» YOUR TASK:
Word for word, repeat the lines of the records from the first line up to and including the line that contains "umalas-hotel-and-residence.hotelsseminyak.net/", passing over any pictures.
--- --- ---
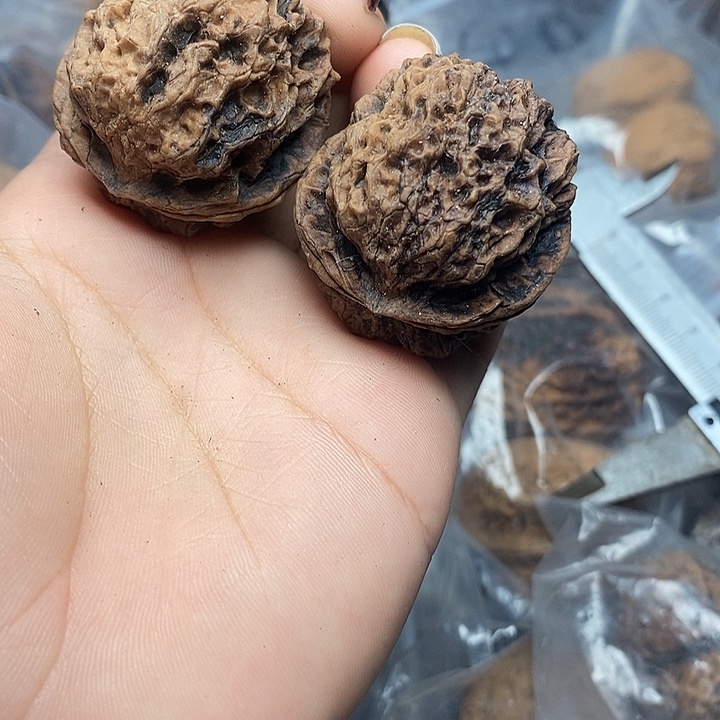 文玩核桃把件     38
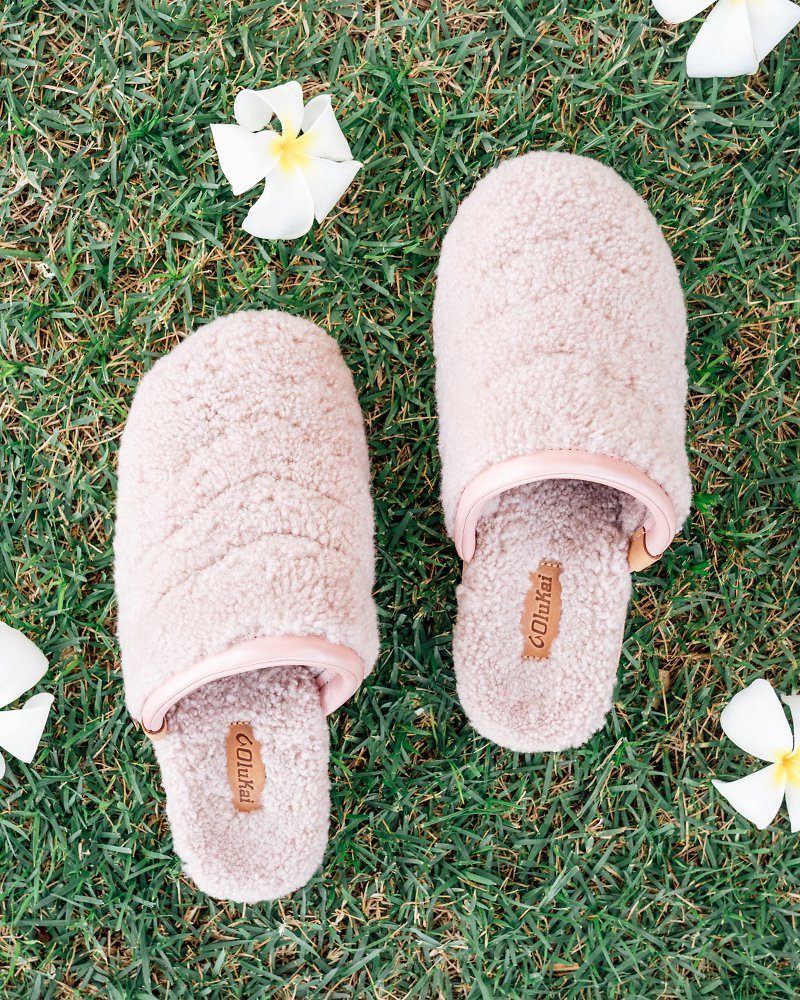 OluKai® Pūpū Mua Fuzzy Slippers Pink Sea Salt | Tommy Bahama Sale - OluKai® Pūpū Mua Fuzzy Slippers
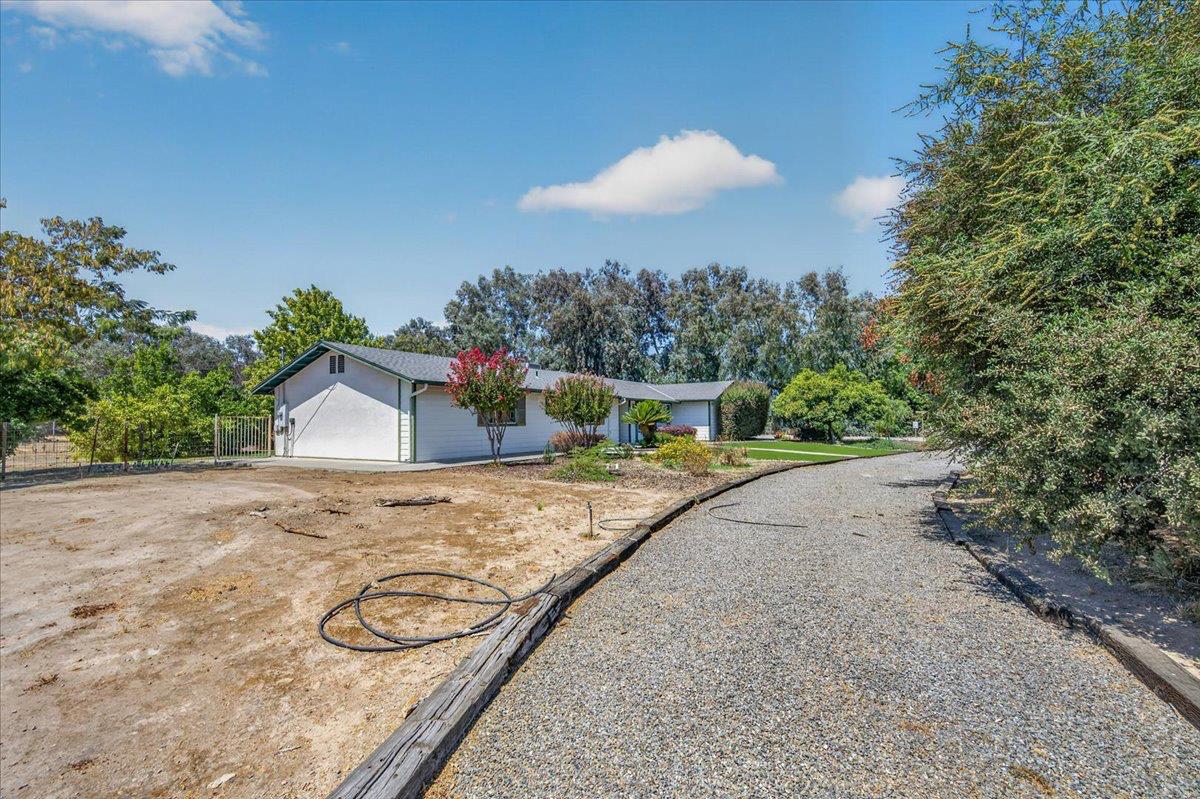 12778 Mesa Dr, Madera, CA 93636
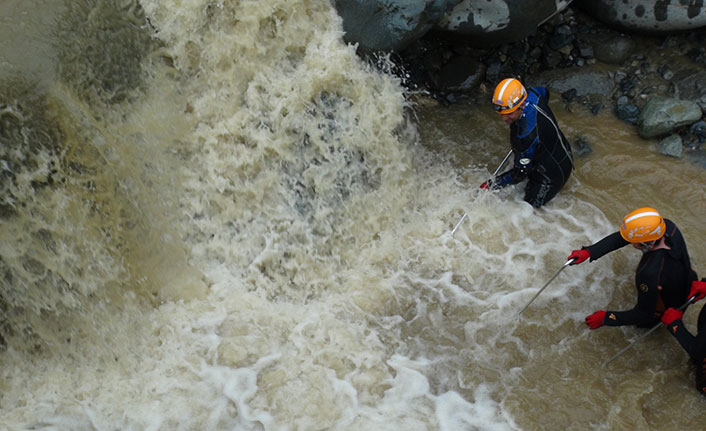 Selde kaybolan iki kişi her yerde aranıyor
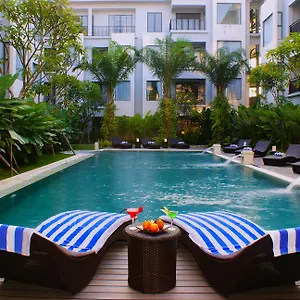 umalas-hotel-and-residence.hotelsseminyak.net/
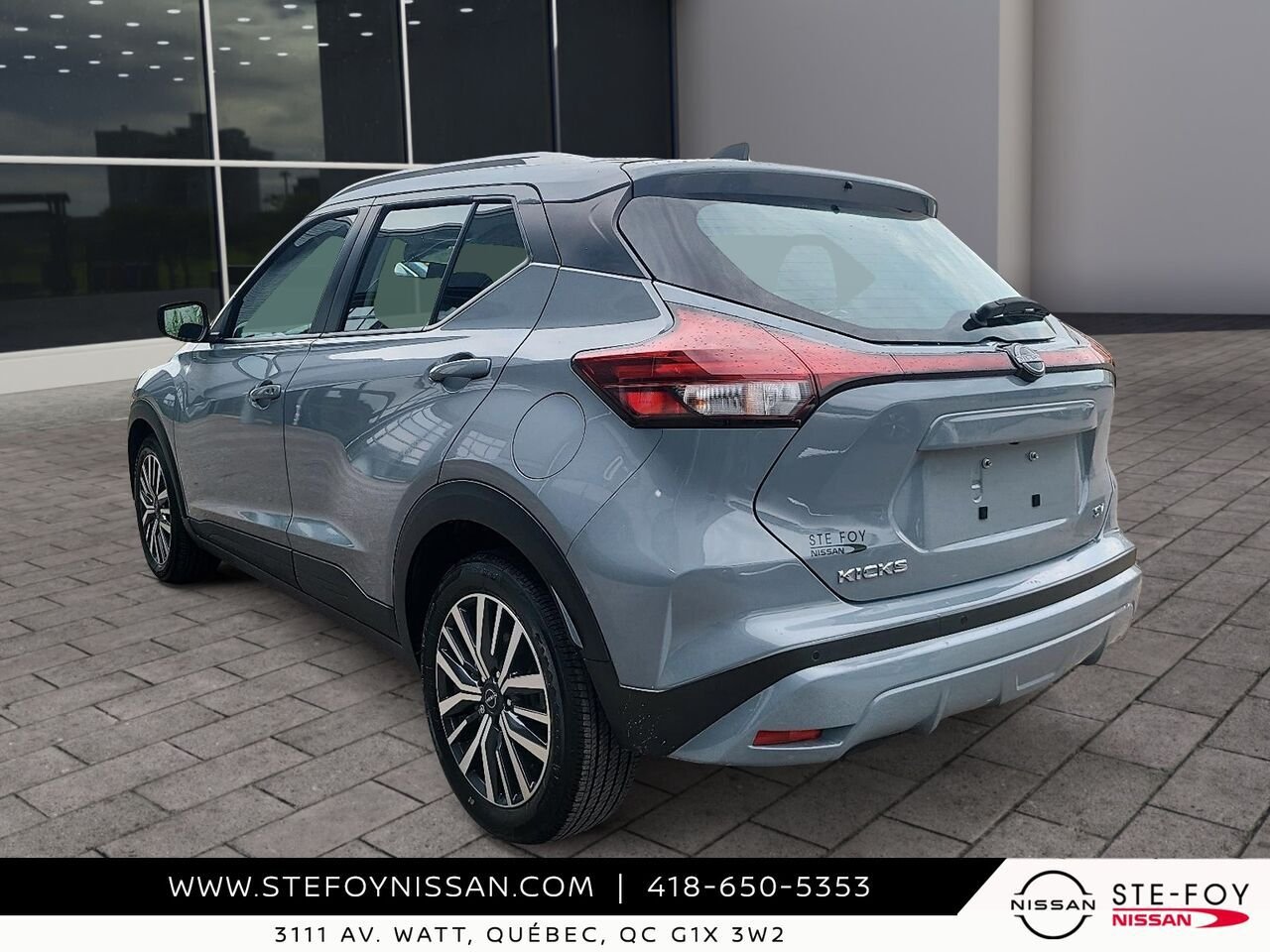 2024 Nissan Kicks SV TA Grey Ste-Foy - photo #3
--- --- ---
» SOLUTION TO THE PROBLEM:
 文玩核桃把件     38
 OluKai® Pūpū Mua Fuzzy Slippers Pink Sea Salt | Tommy Bahama Sale - OluKai® Pūpū Mua Fuzzy Slippers
 12778 Mesa Dr, Madera, CA 93636
 Selde kaybolan iki kişi her yerde aranıyor
 umalas-hotel-and-residence.hotelsseminyak.net/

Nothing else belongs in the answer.